— Problem statement —
Here is the task for the listing below: output exactly the lines from the one containing "2004 Playoff Prestige" through the one containing "New 2026 Lincoln Aviator Reserve SUV", and leave out the pictures.

— Recorded information —
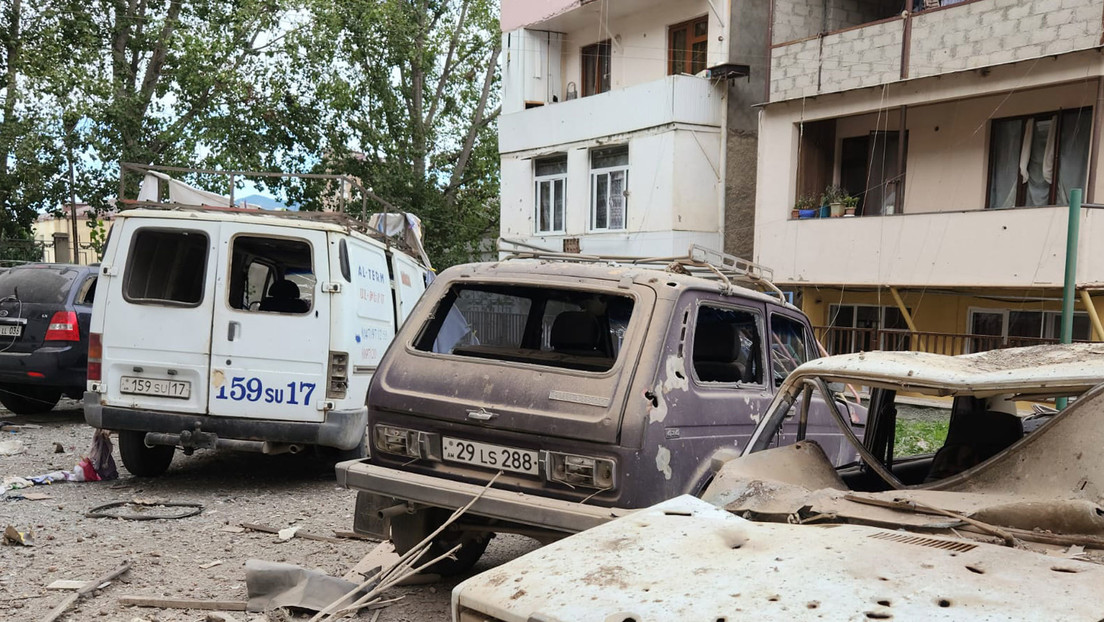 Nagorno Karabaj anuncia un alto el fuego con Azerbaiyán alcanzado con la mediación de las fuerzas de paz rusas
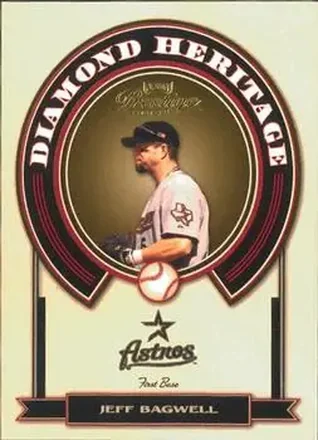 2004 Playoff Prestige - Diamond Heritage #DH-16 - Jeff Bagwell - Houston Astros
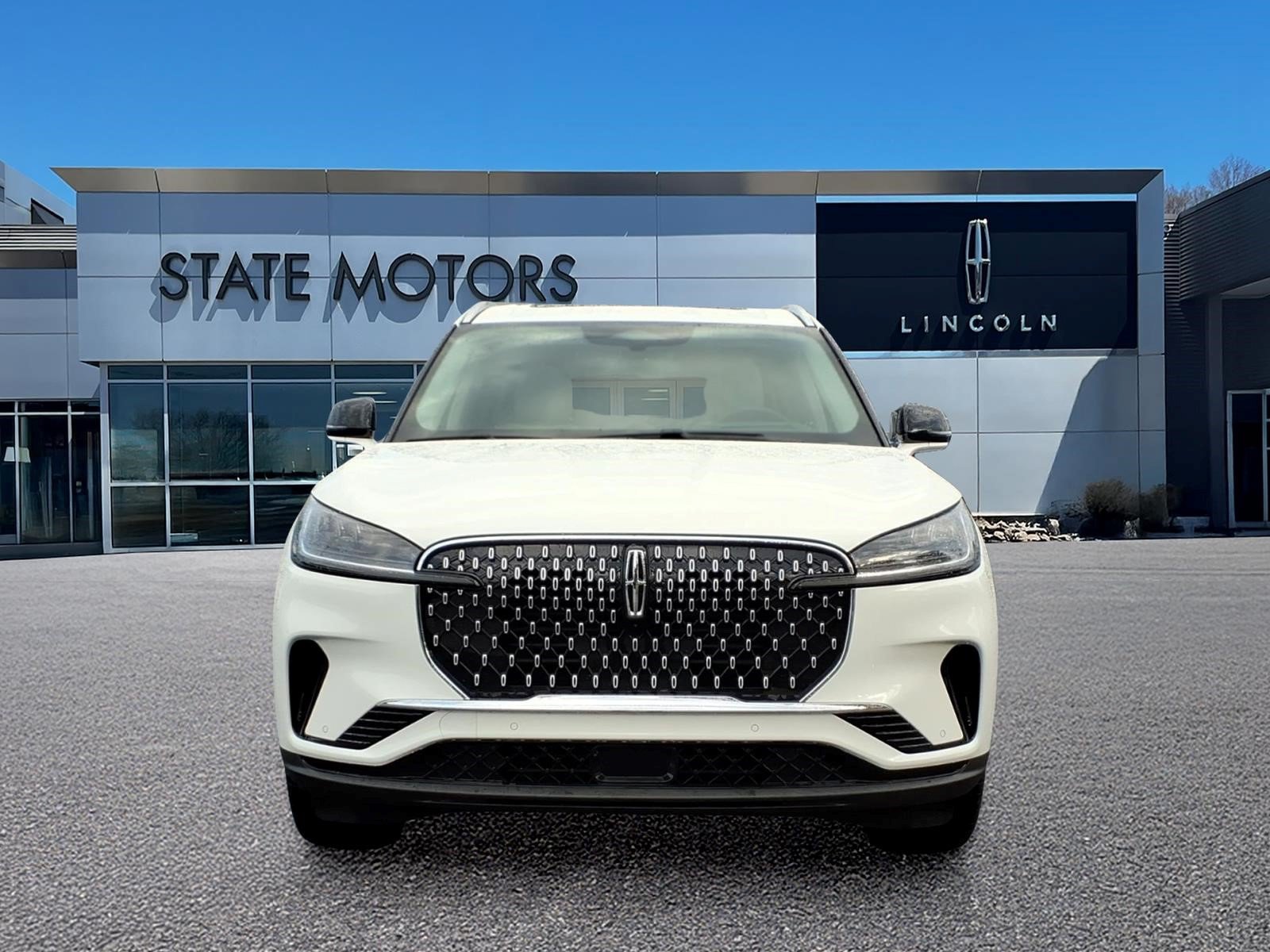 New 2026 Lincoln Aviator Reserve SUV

...

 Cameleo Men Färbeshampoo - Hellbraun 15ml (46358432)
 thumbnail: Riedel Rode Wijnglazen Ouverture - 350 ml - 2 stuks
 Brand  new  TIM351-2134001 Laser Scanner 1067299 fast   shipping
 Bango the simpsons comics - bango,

— Reply —
 2004 Playoff Prestige - Diamond Heritage #DH-16 - Jeff Bagwell - Houston Astros
 New 2026 Lincoln Aviator Reserve SUV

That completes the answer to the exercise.